SM – No di certo, come non ci sono per i virus in generale, compresa la
varietà di Coronavirus responsabile di tanti raffreddori. Di fatto, i
farmaci antivirali di cui disponiamo hanno un’efficacia modesta e per il
Coronavirus non c’è niente che abbia un’efficacia provata.
RD – E le vitamine?
SM – Le vitamine A, E, D e C sono utili nella prevenzione, così come sono utili certi alimenti.
RD – Per esempio?
SM – Per esempio lo zenzero, la curcuma (sempre presa con il pepe nero,
altrimenti perde efficacia), l’echinacea… Poi gli alimenti fermentati
come i crauti o il kefir. E, ancora, le verdure, specie quelle in
foglia. Insomma, se si mangia correttamente, se si fa una vita sana
evitando, ad esempio, il fumo, si mantiene l’organismo capace di
difendersi.
RD – Lei ha citato il fumo.
SM – Se vogliamo restare
al Coronavirus che tanto terrorizza la gente, la difesa più immediata è
quella che riguarda l’efficienza dei polmoni. Di qualunque cosa
s’illudano i fumatori, i loro polmoni non sono in condizioni ideali e
uno dei problemi è quello dello strato eccessivo di muco, spesso con
caratteristiche non proprio sane, che ricopre i bronchi e che fa
scivolare profondamente i patogeni entrati per inalazione. In aggiunta,
le ciglia vibratili, specie di fruste che sono presenti sulla parete
interna dei bronchi, sono paralizzate dal fumo e non sono più capaci di
spingere fuori dei polmoni gli aggressori. E, allora, anche il
Coronavirus trova una bella porta aperta. Ma la cosa vale per qualunque
patogeno che passi attraverso il sistema respiratorio, comprese le
particelle di cui mi occupo da decenni.
RD – Insomma, per stare bene bisogna comportarsi bene.

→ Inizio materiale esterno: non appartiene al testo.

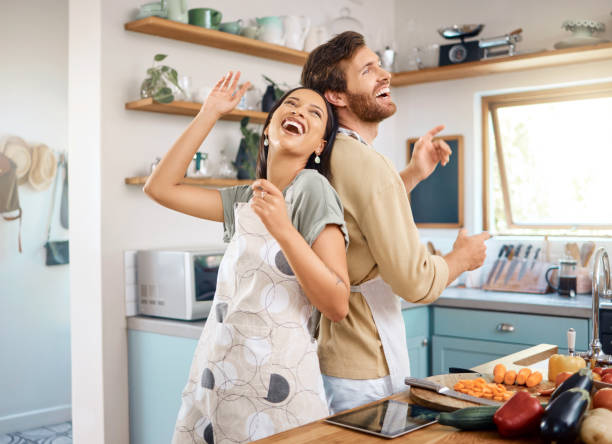istock Cheerful young interracial couple being playful singing and dancing in the kitchen while cooking together. Happy young man and woman wearing aprons and having fun at home 1400838594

SM – Sì, è così. E tenga anche conto che, se la paura è utile perché ci
fa essere pronti a difenderci, la paura indebolisce le difese. Dunque,
è utile solo se è motivata e se è contenuta nei limiti della
razionalità. Qui, invece, siamo al cospetto di una manifestazione
d’isteria collettiva indotta per motivi che ignoro da chi approfitta
dell’ignoranza e della fragilità intellettuale della gente.
RD – Un consiglio?
SM – Usate la ragione e non date credito a chi vi usa come animali da reddito. Spesso l’imperatore è nudo.